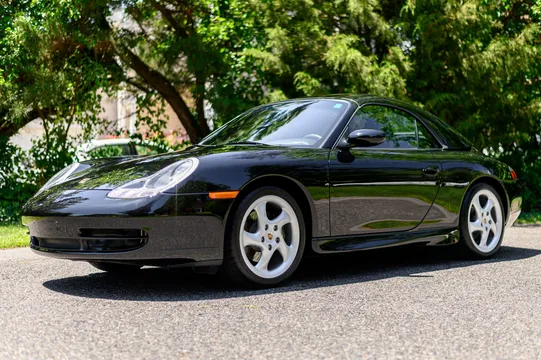 2000 Porsche 911 Carrera Cabriolet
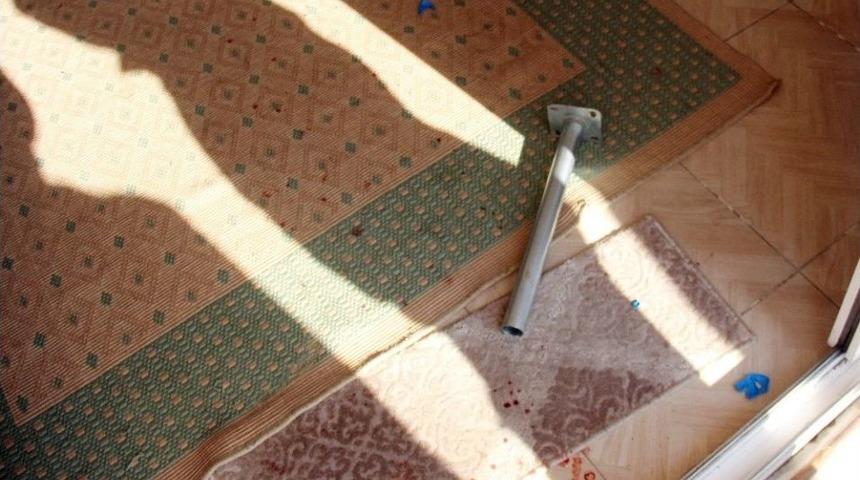 Sahte Altın İ&ccedil;in İki Kadını Demir &Ccedil;ubukla Yaraladı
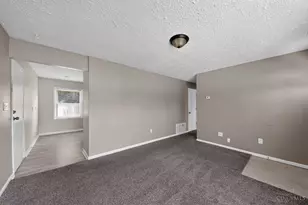 3298 Niagara St, Colerain Township, OH 45251 - Photo 6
################
Transcribe the data exactly and leave no picture in the copy.

▶ [RESULT FOR THIS TASK]:
 2000 Porsche 911 Carrera Cabriolet
 Sahte Altın İ&ccedil;in İki Kadını Demir &Ccedil;ubukla Yaraladı
 3298 Niagara St, Colerain Township, OH 45251 - Photo 6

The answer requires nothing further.